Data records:
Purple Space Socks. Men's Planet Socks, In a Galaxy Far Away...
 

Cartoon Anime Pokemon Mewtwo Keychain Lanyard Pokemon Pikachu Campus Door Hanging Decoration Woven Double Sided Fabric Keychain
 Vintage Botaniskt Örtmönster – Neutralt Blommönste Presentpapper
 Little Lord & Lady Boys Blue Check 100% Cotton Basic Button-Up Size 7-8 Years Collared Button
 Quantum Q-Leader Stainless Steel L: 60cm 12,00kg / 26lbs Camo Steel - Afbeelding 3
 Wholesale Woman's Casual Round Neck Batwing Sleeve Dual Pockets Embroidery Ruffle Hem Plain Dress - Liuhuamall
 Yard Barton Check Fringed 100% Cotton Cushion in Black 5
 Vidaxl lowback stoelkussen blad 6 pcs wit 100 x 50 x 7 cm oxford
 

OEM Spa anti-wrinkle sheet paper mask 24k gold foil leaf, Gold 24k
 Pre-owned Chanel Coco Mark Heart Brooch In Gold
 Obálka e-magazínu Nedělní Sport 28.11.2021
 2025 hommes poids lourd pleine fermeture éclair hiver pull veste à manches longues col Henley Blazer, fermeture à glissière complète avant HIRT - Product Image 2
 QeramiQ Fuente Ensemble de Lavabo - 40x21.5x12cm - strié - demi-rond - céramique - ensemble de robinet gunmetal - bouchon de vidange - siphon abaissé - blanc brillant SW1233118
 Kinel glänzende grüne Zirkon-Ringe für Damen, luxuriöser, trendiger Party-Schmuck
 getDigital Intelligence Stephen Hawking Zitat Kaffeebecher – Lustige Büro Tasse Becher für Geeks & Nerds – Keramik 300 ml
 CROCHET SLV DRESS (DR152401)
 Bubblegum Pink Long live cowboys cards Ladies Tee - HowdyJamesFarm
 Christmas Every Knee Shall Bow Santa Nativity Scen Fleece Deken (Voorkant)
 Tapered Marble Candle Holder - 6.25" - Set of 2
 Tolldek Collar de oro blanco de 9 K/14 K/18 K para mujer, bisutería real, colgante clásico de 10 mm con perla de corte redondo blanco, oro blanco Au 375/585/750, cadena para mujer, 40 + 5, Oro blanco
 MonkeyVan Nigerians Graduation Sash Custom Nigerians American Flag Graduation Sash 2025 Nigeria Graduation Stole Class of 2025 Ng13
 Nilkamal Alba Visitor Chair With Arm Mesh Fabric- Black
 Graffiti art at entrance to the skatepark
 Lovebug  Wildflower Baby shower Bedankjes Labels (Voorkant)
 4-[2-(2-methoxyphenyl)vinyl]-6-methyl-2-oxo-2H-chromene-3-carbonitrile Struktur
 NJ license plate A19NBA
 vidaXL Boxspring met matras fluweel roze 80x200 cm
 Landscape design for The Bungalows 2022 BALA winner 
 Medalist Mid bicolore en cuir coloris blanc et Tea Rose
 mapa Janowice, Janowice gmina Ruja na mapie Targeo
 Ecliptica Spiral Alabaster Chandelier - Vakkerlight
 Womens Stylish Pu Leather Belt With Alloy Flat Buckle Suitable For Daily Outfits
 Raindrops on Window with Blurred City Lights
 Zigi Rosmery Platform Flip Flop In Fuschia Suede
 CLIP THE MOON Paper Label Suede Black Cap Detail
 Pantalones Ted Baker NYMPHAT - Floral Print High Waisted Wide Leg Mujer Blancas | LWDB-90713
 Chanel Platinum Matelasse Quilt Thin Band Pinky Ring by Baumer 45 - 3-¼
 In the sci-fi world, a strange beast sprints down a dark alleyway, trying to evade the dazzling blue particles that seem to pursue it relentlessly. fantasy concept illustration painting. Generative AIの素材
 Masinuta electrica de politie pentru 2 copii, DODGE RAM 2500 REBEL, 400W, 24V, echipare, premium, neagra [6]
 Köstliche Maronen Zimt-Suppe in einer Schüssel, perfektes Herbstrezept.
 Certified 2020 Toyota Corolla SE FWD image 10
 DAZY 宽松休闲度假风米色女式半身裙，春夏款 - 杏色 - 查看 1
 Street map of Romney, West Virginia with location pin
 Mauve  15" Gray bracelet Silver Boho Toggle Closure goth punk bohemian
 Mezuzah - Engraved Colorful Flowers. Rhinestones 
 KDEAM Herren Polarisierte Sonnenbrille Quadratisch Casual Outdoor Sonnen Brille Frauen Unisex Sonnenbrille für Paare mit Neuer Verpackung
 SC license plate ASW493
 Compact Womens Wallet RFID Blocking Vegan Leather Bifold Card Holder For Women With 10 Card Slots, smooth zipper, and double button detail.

# [BRIEF]
A faithful, word-for-word transcription of the data above is required.

# [RESPONSE BOX]
Purple Space Socks. Men's Planet Socks, In a Galaxy Far Away...
 

Cartoon Anime Pokemon Mewtwo Keychain Lanyard Pokemon Pikachu Campus Door Hanging Decoration Woven Double Sided Fabric Keychain
 Vintage Botaniskt Örtmönster – Neutralt Blommönste Presentpapper
 Little Lord & Lady Boys Blue Check 100% Cotton Basic Button-Up Size 7-8 Years Collared Button
 Quantum Q-Leader Stainless Steel L: 60cm 12,00kg / 26lbs Camo Steel - Afbeelding 3
 Wholesale Woman's Casual Round Neck Batwing Sleeve Dual Pockets Embroidery Ruffle Hem Plain Dress - Liuhuamall
 Yard Barton Check Fringed 100% Cotton Cushion in Black 5
 Vidaxl lowback stoelkussen blad 6 pcs wit 100 x 50 x 7 cm oxford
 

OEM Spa anti-wrinkle sheet paper mask 24k gold foil leaf, Gold 24k
 Pre-owned Chanel Coco Mark Heart Brooch In Gold
 Obálka e-magazínu Nedělní Sport 28.11.2021
 2025 hommes poids lourd pleine fermeture éclair hiver pull veste à manches longues col Henley Blazer, fermeture à glissière complète avant HIRT - Product Image 2
 QeramiQ Fuente Ensemble de Lavabo - 40x21.5x12cm - strié - demi-rond - céramique - ensemble de robinet gunmetal - bouchon de vidange - siphon abaissé - blanc brillant SW1233118
 Kinel glänzende grüne Zirkon-Ringe für Damen, luxuriöser, trendiger Party-Schmuck
 getDigital Intelligence Stephen Hawking Zitat Kaffeebecher – Lustige Büro Tasse Becher für Geeks & Nerds – Keramik 300 ml
 CROCHET SLV DRESS (DR152401)
 Bubblegum Pink Long live cowboys cards Ladies Tee - HowdyJamesFarm
 Christmas Every Knee Shall Bow Santa Nativity Scen Fleece Deken (Voorkant)
 Tapered Marble Candle Holder - 6.25" - Set of 2
 Tolldek Collar de oro blanco de 9 K/14 K/18 K para mujer, bisutería real, colgante clásico de 10 mm con perla de corte redondo blanco, oro blanco Au 375/585/750, cadena para mujer, 40 + 5, Oro blanco
 MonkeyVan Nigerians Graduation Sash Custom Nigerians American Flag Graduation Sash 2025 Nigeria Graduation Stole Class of 2025 Ng13
 Nilkamal Alba Visitor Chair With Arm Mesh Fabric- Black
 Graffiti art at entrance to the skatepark
 Lovebug  Wildflower Baby shower Bedankjes Labels (Voorkant)
 4-[2-(2-methoxyphenyl)vinyl]-6-methyl-2-oxo-2H-chromene-3-carbonitrile Struktur
 NJ license plate A19NBA
 vidaXL Boxspring met matras fluweel roze 80x200 cm
 Landscape design for The Bungalows 2022 BALA winner 
 Medalist Mid bicolore en cuir coloris blanc et Tea Rose
 mapa Janowice, Janowice gmina Ruja na mapie Targeo
 Ecliptica Spiral Alabaster Chandelier - Vakkerlight
 Womens Stylish Pu Leather Belt With Alloy Flat Buckle Suitable For Daily Outfits
 Raindrops on Window with Blurred City Lights
 Zigi Rosmery Platform Flip Flop In Fuschia Suede
 CLIP THE MOON Paper Label Suede Black Cap Detail
 Pantalones Ted Baker NYMPHAT - Floral Print High Waisted Wide Leg Mujer Blancas | LWDB-90713
 Chanel Platinum Matelasse Quilt Thin Band Pinky Ring by Baumer 45 - 3-¼
 In the sci-fi world, a strange beast sprints down a dark alleyway, trying to evade the dazzling blue particles that seem to pursue it relentlessly. fantasy concept illustration painting. Generative AIの素材
 Masinuta electrica de politie pentru 2 copii, DODGE RAM 2500 REBEL, 400W, 24V, echipare, premium, neagra [6]
 Köstliche Maronen Zimt-Suppe in einer Schüssel, perfektes Herbstrezept.
 Certified 2020 Toyota Corolla SE FWD image 10
 DAZY 宽松休闲度假风米色女式半身裙，春夏款 - 杏色 - 查看 1
 Street map of Romney, West Virginia with location pin
 Mauve  15" Gray bracelet Silver Boho Toggle Closure goth punk bohemian
 Mezuzah - Engraved Colorful Flowers. Rhinestones 
 KDEAM Herren Polarisierte Sonnenbrille Quadratisch Casual Outdoor Sonnen Brille Frauen Unisex Sonnenbrille für Paare mit Neuer Verpackung
 SC license plate ASW493
 Compact Womens Wallet RFID Blocking Vegan Leather Bifold Card Holder For Women With 10 Card Slots, smooth zipper, and double button detail.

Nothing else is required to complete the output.